運・鈍・根(うん・どん・こん)とは、事業に成功する人の三要素で、運に恵まれて根気よく耐えて努力する人のことである。ただ「鈍」は、文字通り単純に捉えると真意がよく分からず誤解するかもしれない。前述のように、元々は運に恵まれ、鈍感なほど根気強く物事に取り組む人という意味であろうが、「鈍」とは何物にも動揺しない確固とした信念があり、豊かな個性と他人への愛想(あいそ)や強い思い遣りを持っているということではなかろうか。

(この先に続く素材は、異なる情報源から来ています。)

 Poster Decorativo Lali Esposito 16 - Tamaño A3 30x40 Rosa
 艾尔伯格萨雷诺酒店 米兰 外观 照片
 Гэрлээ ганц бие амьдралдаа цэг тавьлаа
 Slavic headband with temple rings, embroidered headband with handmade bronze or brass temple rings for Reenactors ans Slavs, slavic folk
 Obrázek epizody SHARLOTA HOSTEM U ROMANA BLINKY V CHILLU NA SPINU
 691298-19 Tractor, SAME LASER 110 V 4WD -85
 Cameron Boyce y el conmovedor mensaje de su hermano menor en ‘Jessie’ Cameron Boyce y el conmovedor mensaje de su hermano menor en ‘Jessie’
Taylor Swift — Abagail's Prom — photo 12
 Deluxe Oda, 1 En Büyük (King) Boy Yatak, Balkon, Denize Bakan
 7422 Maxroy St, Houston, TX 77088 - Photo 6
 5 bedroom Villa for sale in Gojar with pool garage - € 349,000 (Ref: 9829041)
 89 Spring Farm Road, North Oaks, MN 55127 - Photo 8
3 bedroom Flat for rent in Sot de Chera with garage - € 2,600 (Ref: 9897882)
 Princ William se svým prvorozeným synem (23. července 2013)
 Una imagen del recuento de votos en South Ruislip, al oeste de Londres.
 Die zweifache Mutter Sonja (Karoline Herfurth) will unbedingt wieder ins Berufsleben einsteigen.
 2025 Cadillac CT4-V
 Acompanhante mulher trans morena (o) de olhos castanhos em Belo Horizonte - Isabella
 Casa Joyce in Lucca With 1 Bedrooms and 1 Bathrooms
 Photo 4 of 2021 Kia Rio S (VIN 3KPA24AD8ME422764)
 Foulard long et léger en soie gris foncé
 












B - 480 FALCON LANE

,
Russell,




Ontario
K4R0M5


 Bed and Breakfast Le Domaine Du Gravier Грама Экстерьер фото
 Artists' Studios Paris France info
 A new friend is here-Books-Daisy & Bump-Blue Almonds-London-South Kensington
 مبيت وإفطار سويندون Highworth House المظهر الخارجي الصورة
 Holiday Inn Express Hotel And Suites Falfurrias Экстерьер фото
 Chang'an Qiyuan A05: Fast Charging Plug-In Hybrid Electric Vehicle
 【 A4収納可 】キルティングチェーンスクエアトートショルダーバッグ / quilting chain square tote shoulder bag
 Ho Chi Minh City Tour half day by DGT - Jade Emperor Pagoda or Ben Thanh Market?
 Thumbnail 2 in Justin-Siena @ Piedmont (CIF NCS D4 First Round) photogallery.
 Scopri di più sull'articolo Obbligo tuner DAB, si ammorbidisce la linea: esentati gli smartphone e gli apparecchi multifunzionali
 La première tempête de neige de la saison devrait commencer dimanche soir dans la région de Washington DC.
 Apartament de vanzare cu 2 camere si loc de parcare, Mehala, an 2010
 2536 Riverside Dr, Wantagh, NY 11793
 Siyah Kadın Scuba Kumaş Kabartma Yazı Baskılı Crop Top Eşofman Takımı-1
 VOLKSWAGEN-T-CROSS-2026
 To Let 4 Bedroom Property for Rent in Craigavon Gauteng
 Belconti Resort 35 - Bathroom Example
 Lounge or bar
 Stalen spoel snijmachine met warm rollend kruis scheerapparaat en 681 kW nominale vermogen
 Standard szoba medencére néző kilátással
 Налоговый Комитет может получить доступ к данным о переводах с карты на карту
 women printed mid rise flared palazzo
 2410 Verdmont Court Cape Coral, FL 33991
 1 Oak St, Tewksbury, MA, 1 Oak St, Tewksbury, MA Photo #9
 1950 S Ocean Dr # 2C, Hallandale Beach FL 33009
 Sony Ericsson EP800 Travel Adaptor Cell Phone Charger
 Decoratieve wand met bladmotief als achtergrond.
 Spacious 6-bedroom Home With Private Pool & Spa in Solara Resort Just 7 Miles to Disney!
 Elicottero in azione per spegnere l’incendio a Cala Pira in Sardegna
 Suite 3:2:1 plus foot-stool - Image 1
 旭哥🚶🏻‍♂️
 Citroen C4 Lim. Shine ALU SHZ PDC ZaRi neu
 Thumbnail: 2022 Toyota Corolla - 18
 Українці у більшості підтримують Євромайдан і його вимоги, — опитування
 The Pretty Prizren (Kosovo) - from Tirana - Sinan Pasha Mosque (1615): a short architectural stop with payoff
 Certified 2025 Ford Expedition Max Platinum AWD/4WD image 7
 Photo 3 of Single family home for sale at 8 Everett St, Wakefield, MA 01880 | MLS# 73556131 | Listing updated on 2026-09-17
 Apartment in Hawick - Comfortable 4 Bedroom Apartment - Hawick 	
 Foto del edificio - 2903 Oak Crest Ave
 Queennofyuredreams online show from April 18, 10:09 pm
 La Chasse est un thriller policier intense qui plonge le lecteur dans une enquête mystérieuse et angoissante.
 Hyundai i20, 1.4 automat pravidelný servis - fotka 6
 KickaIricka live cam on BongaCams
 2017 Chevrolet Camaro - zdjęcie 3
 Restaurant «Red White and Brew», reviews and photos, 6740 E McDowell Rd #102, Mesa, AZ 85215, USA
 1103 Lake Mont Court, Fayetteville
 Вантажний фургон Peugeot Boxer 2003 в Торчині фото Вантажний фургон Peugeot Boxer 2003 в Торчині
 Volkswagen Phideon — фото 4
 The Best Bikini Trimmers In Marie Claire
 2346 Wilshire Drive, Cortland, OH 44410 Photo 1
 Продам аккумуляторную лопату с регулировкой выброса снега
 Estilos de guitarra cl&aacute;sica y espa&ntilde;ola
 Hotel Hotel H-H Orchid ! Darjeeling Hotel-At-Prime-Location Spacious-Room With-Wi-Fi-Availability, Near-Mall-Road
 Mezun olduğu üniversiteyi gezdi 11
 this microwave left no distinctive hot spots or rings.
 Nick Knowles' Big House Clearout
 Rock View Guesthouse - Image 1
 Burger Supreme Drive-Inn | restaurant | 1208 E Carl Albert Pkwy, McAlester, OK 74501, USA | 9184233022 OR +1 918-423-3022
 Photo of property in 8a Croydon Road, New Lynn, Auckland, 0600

例えば、期待された仕事の成果が出ない時、同僚から馬鹿にされたりしても一緒に笑って平気な人がいる。次は必ず成果を上げて見せるという強い自信かもしれない。また、お客様から苦情や注文を付けられたり、上司等から厳しく注意されたりしても、その後は平然と仕事に取り掛かる人がいる。普通の感覚からは、時に鈍感な人と思われるかもしれないが、実は切り替えの早い仕事熱心な人と評価しても良いだろう。注意を要するのは、自分に対して鈍は良いかもしれないが、他人に対して鈍では困るということだ。
経営の神様と言われた松下幸之助氏は、問題を起こした社員を厳しく叱責した後は、その上司を呼んで部下を慰めてやれと指示をした。「鈍」とは自分には厳しく、他人には寛大にすることだ。